The TL;DR version: EFF appears to be making some simple interpretational errors — it believes that the scope of the Pledge covers any student activity and data generated while a student is logged into a Google account. As the rest of this post will (hopefully) make clear, however, the Pledge, though ambiguous, is more reasonably read as limiting Google’s obligations to instances where a student is using  Google for Education apps, and does not apply to instances where the student is using non-Education apps — whether she is logged on using her Education account or not.

The key problem, as EFF sees it, is that Google “use[d] and share[d] … student personal information beyond what is needed for education.” So nice of them to settle complex business and educational decisions for the world! Who knew it was so easy to determine exactly what is needed for educational purposes!

Case in point: EFF feels that Google’s use of anonymous and aggregated student data in order to improve its education apps is not an educational purpose. Seriously? How can that not be useful for educational purposes — to improve its educational apps!?
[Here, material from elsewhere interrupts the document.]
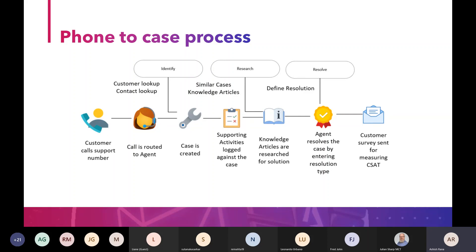Once the case is created, you can do automation — sending a ticket, logging all activities. The agent will search a knowledge base article and, if required, send a link for the customer to resolve the issue themselves. That's a very cost-effective approach rather than sending someone for field service. Once the customer is satisfied, the agent closes the case, and then a survey is sent via phone call, SMS, or email using Customer Voice.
And, according to EFF, the fact that Chrome Sync is ‘on’ by default in the Chromebooks only amplifies the harm caused by the non-Education data tracking because, when the students log in outside of school, their behavior can be correlated with their in-school behavior. Of course, this ignores the fact that the same limitations apply to the tracking — it happens only on non-Education apps. Thus, the Chrome Sync objection is somehow vaguely based on geography. The fact that Google can correlate an individual student’s viewing of a Neil DeGrasse Tyson video in a computer lab at school with her later finishing that video at home is somehow really bad (or so EFF claims).

EFF also takes issue with the fact that school administrators are allowed to turn on a setting enabling third parties to access the geolocation data of Google education apps users. 

The complaint is fairly sparse on this issue — and the claim is essentially limited to the assertion that “[s]haring a student’s physical location with third parties is unquestionably sharing personal information beyond what is needed for educational purposes[.]”  While it’s possible that third-parties could misuse student data, a presumption that it is per se outside of any educational use for third-parties to have geolocation access at all strikes me as unreasonable. 

Geolocation data, particularly on mobile devices, could allow for any number of positive and negative uses, and without more it’s hard to really take EFF’s premature concern all that seriously. Did they conduct a study demonstrating that geolocation data can serve no educational purpose or that the feature is frequently abused? Sadly, it seems doubtful. Instead, they appear to be relying upon the rather loose definition of likely harm that we have seen in FTC actions in other contexts ( more on this problem here).  

Who decides what ambiguous terms mean?

The bigger issue, however, is the ambiguity latent in the Pledge and how that ambiguity is being exploited to criticize Google. The complaint barely conceals EFF’s eagerness, and gives one the distinct feeling that the Pledge and this complaint are part of a long game. Everyone knows that Google’s entire existence revolves around the clever and innovative employment of large data sets. When Google announced that it was interested in working with schools to provide technology to students, I can only imagine how the anti-big-data-for-any-commercial-purpose crowd sat up and took notice, just waiting to pounce as soon as an opportunity, no matter how tenuous, presented itself. 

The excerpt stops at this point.